Captioned web image data
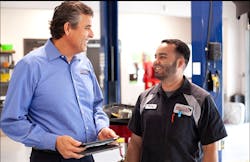 1671752176729 0619 Profile 2 1671752176729 0619 Profile 2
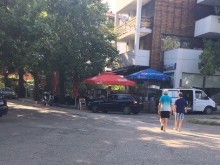 Гражданка: Майките с количките да прелитаме ли?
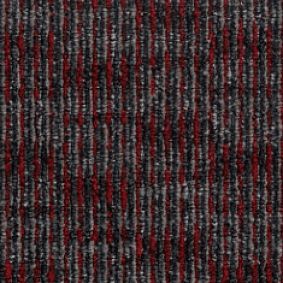  Ruscarpettiles Rct Magic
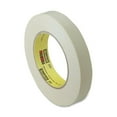 thumbnail image 1 of Scotch General-Purpose Masking Tape, 1 of 2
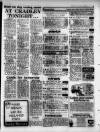 Birmingham Mail Friday 07 November 1975 Page 63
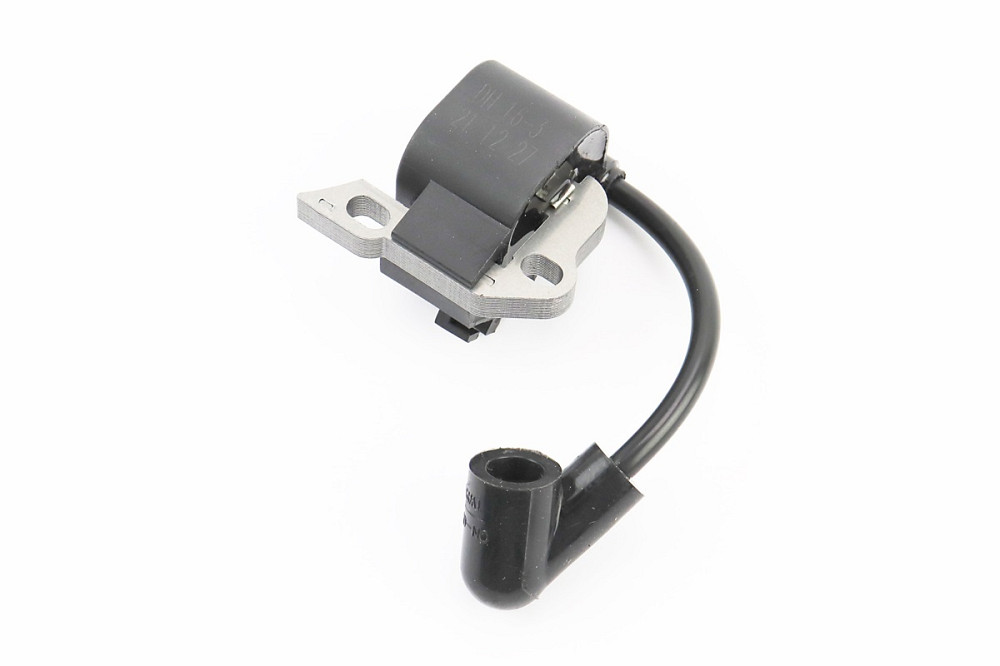 Котушка запалювання MS-170/180 Київ - фото 2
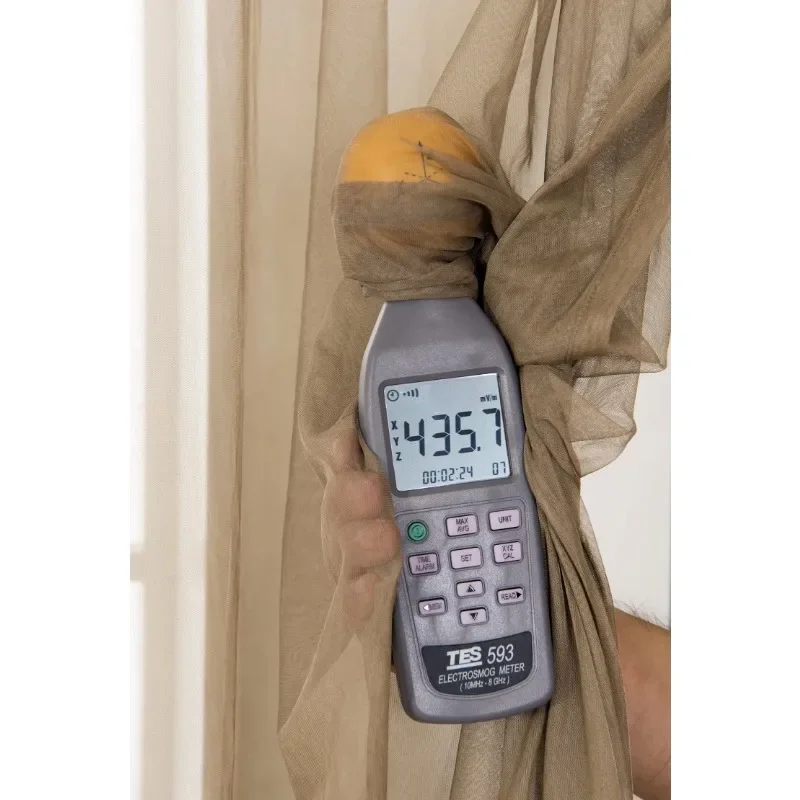 Filet de lit à baldaquin carré plié durable de petite taille, offre spéciale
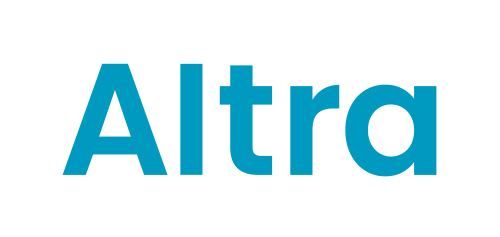 altra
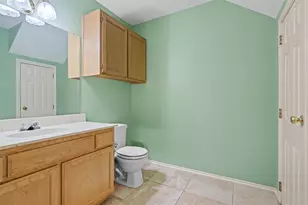 1003 W Lovers Ln, Arlington, TX 76013 - Photo 16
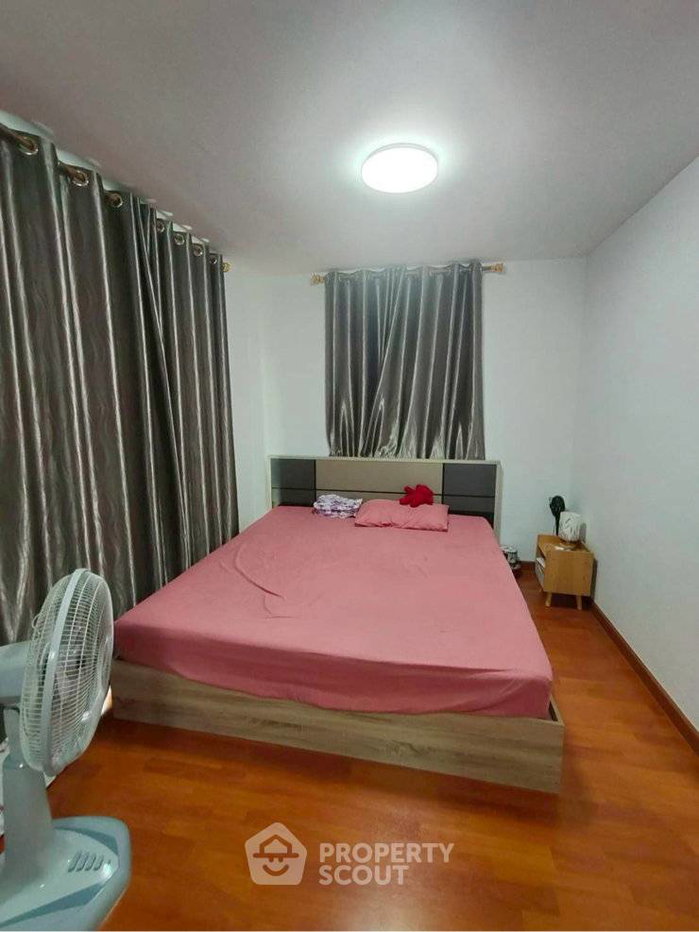 picture 4-BR House in Sala Klang (ID 3330394) - 12/18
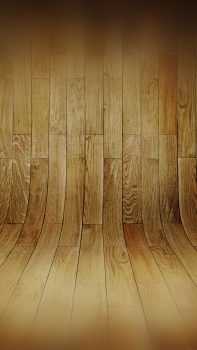 Curved-3D-Wood-Planks-Texture-iPhone-6-plus-wallpaper-ilikewallpaper_com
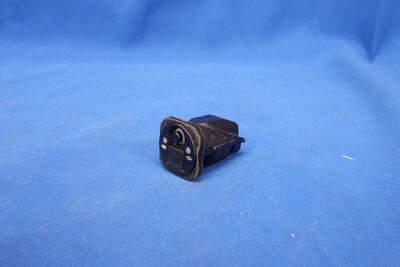 Shimano EW-RS910 E-Tube Di2 Internal Frame / Bar End
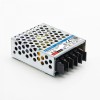 15W 24V 0.625A 85-305VAC/120-430VDC スイッチング電源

** What you are asked to do **
Set the preceding data down again word for word, omitting images.

** Answer to this exercise **
 1671752176729 0619 Profile 2 1671752176729 0619 Profile 2
 Гражданка: Майките с количките да прелитаме ли?
  Ruscarpettiles Rct Magic
 thumbnail image 1 of Scotch General-Purpose Masking Tape, 1 of 2
 Birmingham Mail Friday 07 November 1975 Page 63
 Котушка запалювання MS-170/180 Київ - фото 2
 Filet de lit à baldaquin carré plié durable de petite taille, offre spéciale
 altra
 1003 W Lovers Ln, Arlington, TX 76013 - Photo 16
 picture 4-BR House in Sala Klang (ID 3330394) - 12/18
 Curved-3D-Wood-Planks-Texture-iPhone-6-plus-wallpaper-ilikewallpaper_com
 Shimano EW-RS910 E-Tube Di2 Internal Frame / Bar End
 15W 24V 0.625A 85-305VAC/120-430VDC スイッチング電源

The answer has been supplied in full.